Da nota final de Fernando Cabral Martins, há que averbar algumas sínteses felizes da Mensagem, notadamente quando recorda que a heteronímia “é também um processo literário”. O “ser outro” quando Pessoa escreve é nele um ato criador – explicação que, por si só, explica simultaneamente a heteronímia e o “fingimento” do poeta. Nem todos aceitarão, porém, a intepretação do nacionalista que Pessoa foi, porque nada é mais fácil e direto do que as suas autobiografias.

Outro ponto discordante é o de que o escritor, apesar de distante do regime salazarista, dele aceitou um prêmio pecuniário, “ainda por cima da categoria B”. Acontece que o regulamento do concurso Prêmio Antero de Quental de 1934, instituído pelo Secretariado Nacional de Propaganda (de Salazar), era claro – e, dizendo-o, nada nos aproximará do salazarismo: “O prêmio Antero de Quental será atribuido a obras de duas categorias: a) ao melhor livro de versos, não inferior a 100 páginas (...); b) a um poema, ou poesia solta, onde as mesmas qualidades e intenções se manifestem”, etc. Acontece que Mensagem tinha menos de 100 páginas, admitindo-se que pode ser entendida como “um poema” em várias partes (Fernando Pessoa admitiu-o). Por isso é que, sem veleidades políticas, deve ler-se com atenção o que José Blanco escreveu, a propósito: “(...) o júri do concurso, embora se tenha redondamente enganado no seu juízo sobre a obra premiada – Romaria, do Padre Vasco Reis – foi obrigado pelas disposições regulamentares do concurso a atribuir ao livro de Pessoa o prêmio da segunda categoria, e não um prêmio de segunda categoria, como é hoje ponto assente para quase todos os comentadores pessoanos”– in A Língua Portuguesa.
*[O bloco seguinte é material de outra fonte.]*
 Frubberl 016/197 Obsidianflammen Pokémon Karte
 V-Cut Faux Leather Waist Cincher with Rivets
E se é indesmentível que o júri se enganou, o diretor do Secretariado de Propaganda Nacional (de Salazar) não se deixou embair e resolveu criar um “prêmio” especial, pecuniário, que passou de 1.000 para 5.000 escudos (igual ao prêmio da primeira categoria), iniciativa que pode ter indignado os fascistas da época; mas esse diretor era Antônio Ferro, escritor modernista (foi o primeiro editor da revista Orpheu) e, apesar de se ter inclinado pelo regime salazarista, sabia distinguir (e distinguia) o trigo do joio estético...
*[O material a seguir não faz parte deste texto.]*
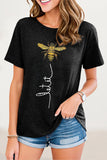 Casual Animal Letter Print Patchwork O Neck T-Shirts(8 Colors)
Efetivamente, Mensagem tinha menos de 100 páginas – o texto da edição brasileira vai da página 13 à 95 (incluindo subtítulos e aberturas), reunindo 44 poemas, dos quais apenas seis com duas páginas. Só falta esclarecer que, independentemente do seu altíssimo valor literário, a obra inclui textos que foram redigidos entre 1910 e 1934: o volume foi posto à venda “propositadamente” em 1º de dezembro (Dia da Restauração da Independência de Portugal). No texto que figura nas Páginas Íntimas e de Auto-Interpretação, o poeta menciona o “anti-romanismo” do livro e “a defesa da maçonaria” que assumiu: “Tendo as ordens templárias, embora não exerçam atividade política, conceitos sociais idênticos, no que positivos e no que negativos, aos da Maçonaria; e girando o rosacrucianismo, no que social, em torno de idéias de fraternidade e de paz (Pax profunda, frater! é a saudação rosacruciana, tanto para irmãos como para profanos), o autor de um livro assim seria forçosamente um liberal por derivação, quando o não fosse já por índole.”

Com estas palavras, melhor definida está a posição de Fernando Pessoa, que Mensagem consubstancia – o livro tem estrutura e matérias que definem o “misticismo nacionalista” do poeta.

Fernando Cabral Martins reuniu 164 poesias nas Ficções do Interlúdio, esclarecendo-se que 77 são do poeta ortônimo, 41 de Alberto Caeiro, 28 de Ricardo Reis e 18 de Álvaro de Campos. Quem conhece as coletâneas anteriores facilmente verificará que falta alguma coisa, malgrado a informação do organizador do volume que coligiu “todos os poemas por Pessoa publicados”. Na Ática lisboeta, Fernando Pessoa ele-mesmo aparece com 119 textos, Alberto Caeiro com 87, Ricardos Reis com 124 e Álvaro de Campos com 101. E na edição de 1960 da editora José Aguilar podem ler-se 142 poemas ortônimos, mais 86 de Caeiro, 124 de Reis e 101 de Campos.

Na bem documentada edição crítica do Livro de Versos de Álvaro de Campos, Teresa Rita Lopes não adotou o título de “ficções do interlúdio” e atribuiu 245 poemas ao “engenheiro”, a par de numerosas variantes. Em compensação, Maria Aliete Galhoz usou o título, mas não incluiu os textos ortônimos – e este pode ser motivo para confundir o leitor não iniciado. “Ficções do Interlúdio” é título mencionado por Pessoa na carta de 28/7/32 a João Gaspar Simões.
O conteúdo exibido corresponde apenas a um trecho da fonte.